(or emacs irrelevant)

Rushing headlong

And you're rushing headlong out of control...

-- Brian May

I've finally wrapped a piece of config that I was using for a while in a package called headlong.

What does it do?

It provides a macro called headlong-with that modifies minibuffer completion for the forms within it, making it faster in some situations. For instance:

(headlong-with
 (completing-read "Jump to bookmark: "
                  bookmark-alist nil t))

or:

(headlong-with (read-extended-command))

But more importantly, it provides two commands that can use it efficiently: headlong-bookmark-jump and headlong-bookmark-jump-other. The second one is basically the same as the first one, except it opens the bookmark with pop-to-buffer, i.e. in other window.

How does this completion work?

It's nothing fancy, you will just exit the minibuffer automatically as soon as there is only one completion candidate left. So it saves you one keystroke, namely RET. How much is one keystroke worth? It depends.

If you arrange your bookmarks in a way that I do, with each one starting with a different letter, it saves you 33% of the total keystrokes. For example, suppose I have:

(global-set-key (kbd "M-p") 'bookmark-jump)
(global-set-key (kbd "M-o") 'headlong-bookmark-jump)

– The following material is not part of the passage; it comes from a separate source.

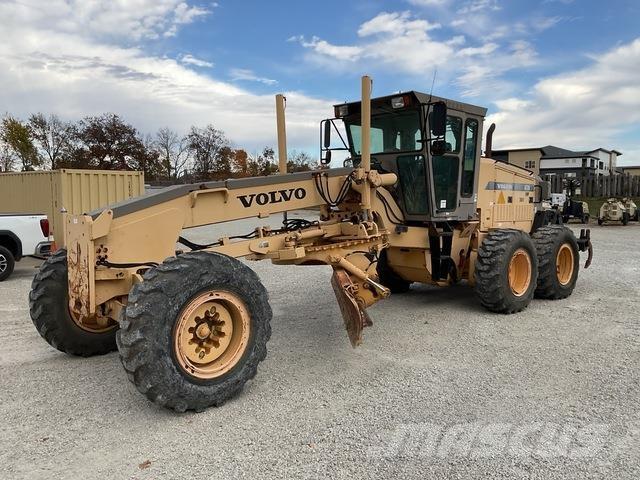Volvo G720VHP Tiehöylät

Then I can jump to my bookmarked directory named "s: sources" with two methods:

  • M-psRET
  • M-os

The second method looks like it's 33% shorter, but it feels like it's even more, since pressing RET is harder than it should be on most keyboards.

Why is this cool?

This is cool because you can implement your bookmarks as efficiently as you would with just wrapping stuff with a lambda and using global-set-key, except that you can view and edit the bindings with bookmark-bmenu-list, and quickly the update bookmark positions with bookmark-set.

Here's what I get when I call M-x bookmark-bmenu-list:

bookmarks

In the list above:

  • black bookmarks are files
  • blue bookmarks are directories
  • pink bookmarks are functions (you need bookmark+ for them)

The package should be available in MELPA soon.